La enorme calidad de este pianista se manifiesta en el hecho singular de que, aún con lo antedicho, el concierto siguió mejorando en la segunda parte con un programa íntegramente dedicado a obras de Chopin. Se le da bien a Kissin el compositor polaco. Incluyó una selección bien contrastante de mazurcas, que también, inexplicablemente, se tocan poco. Y expresó como nadie esa característica tan llamativa de la mazurca, y que le diferencia del vals, que es la acentuación del tercer pulso, y que también la dificulta. Tomó, en general, un carácter más bien pausado en esta selección, que vino a contrastar con el sentimiento revolucionado del Andante spianato et Grande Polonaise brillante, siendo esta última un extraordinario ejercicio de precisión, bravura y efectismo que causó un tremendo impacto entre los asistentes.

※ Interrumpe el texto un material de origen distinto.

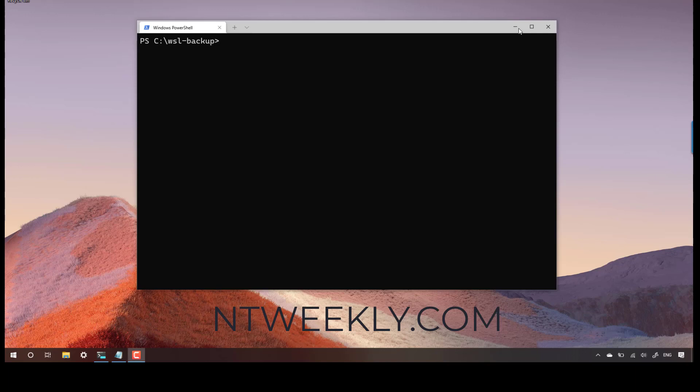Hi everyone and welcome to another WSL video. In this video I will show you how to backup a WSL distribution on a Windows 10 machine.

Tal fue el reconocimiento que tuvo que ofrecer cuatro propinas el pianista ruso, aunque tampoco se hizo mucho de rogar, se le vio cómodo disfrutando del concierto homenaje a su maestra. Incluso en las propinas mostró Kissin inteligencia y equilibrio complaciendo al público con piezas de autores que habían formado parte del programa, y aún le sobró energía para regalarnos una ejecución espectacular del dificilísimo estudio de octavas de Chopin (Etude, Op. 25 núm. 10). No hace falta decir que ya estamos deseando que vuelva el pianista a visitarnos.